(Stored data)
----
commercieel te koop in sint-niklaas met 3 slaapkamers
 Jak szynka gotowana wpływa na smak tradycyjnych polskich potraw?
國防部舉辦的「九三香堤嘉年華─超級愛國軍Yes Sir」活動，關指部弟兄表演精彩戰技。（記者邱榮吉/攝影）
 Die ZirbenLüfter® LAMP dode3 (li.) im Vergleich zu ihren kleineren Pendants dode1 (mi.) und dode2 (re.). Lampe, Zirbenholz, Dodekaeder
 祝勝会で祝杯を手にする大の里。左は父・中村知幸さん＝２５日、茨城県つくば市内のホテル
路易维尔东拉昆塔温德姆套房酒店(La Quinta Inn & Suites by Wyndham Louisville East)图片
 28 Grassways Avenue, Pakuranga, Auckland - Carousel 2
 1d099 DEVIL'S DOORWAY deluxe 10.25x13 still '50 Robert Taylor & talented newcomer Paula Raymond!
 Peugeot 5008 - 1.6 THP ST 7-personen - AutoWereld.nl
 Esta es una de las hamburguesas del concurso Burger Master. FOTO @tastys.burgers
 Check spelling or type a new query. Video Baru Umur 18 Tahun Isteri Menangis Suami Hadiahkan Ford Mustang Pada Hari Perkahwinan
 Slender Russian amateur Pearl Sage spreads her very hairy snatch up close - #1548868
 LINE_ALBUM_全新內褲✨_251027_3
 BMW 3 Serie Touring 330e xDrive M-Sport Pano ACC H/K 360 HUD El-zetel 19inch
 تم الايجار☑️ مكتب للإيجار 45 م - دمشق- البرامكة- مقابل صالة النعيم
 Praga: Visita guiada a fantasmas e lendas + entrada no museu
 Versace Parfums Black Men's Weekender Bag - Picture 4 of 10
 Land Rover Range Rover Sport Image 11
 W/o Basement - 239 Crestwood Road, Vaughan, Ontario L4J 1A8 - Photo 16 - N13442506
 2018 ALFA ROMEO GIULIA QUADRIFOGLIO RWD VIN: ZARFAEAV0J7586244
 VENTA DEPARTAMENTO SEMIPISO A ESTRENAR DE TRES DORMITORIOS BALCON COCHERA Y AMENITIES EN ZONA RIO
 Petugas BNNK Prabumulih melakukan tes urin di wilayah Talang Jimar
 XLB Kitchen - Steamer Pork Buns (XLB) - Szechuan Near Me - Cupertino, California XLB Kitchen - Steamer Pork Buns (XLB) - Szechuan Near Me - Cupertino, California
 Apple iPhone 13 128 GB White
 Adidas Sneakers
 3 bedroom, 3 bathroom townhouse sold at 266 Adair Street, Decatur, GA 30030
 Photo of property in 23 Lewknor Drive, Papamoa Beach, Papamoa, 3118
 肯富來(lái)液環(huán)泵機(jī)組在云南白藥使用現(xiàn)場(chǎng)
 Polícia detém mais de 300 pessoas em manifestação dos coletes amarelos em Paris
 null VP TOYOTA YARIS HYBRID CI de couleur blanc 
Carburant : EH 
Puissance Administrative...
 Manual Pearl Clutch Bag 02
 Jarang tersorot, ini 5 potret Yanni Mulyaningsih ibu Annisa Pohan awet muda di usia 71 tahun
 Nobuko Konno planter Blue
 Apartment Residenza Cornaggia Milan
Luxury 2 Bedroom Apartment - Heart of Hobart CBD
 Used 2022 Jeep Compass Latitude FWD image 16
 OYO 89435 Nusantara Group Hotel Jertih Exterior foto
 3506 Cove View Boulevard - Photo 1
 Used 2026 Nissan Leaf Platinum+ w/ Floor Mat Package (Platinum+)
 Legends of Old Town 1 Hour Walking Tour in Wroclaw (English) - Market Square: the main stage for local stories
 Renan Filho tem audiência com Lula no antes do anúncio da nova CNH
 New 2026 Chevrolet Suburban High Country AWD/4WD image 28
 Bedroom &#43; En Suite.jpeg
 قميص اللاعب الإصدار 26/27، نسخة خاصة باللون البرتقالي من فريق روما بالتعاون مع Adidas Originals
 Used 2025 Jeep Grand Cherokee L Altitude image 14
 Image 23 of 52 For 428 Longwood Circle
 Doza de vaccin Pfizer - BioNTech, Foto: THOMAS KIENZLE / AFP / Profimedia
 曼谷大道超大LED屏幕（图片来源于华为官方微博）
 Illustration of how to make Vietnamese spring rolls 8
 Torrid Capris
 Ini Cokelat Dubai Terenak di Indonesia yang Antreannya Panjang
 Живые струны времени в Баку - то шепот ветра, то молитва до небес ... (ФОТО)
----
▶ PROBLEM TO SOLVE:
Copy out the range of lines above starting at the line with "2018 ALFA ROMEO" and ending at the line with "Petugas BNNK Prabumulih", exactly and including both.

▶ ANSWER:
 2018 ALFA ROMEO GIULIA QUADRIFOGLIO RWD VIN: ZARFAEAV0J7586244
 VENTA DEPARTAMENTO SEMIPISO A ESTRENAR DE TRES DORMITORIOS BALCON COCHERA Y AMENITIES EN ZONA RIO
 Petugas BNNK Prabumulih melakukan tes urin di wilayah Talang Jimar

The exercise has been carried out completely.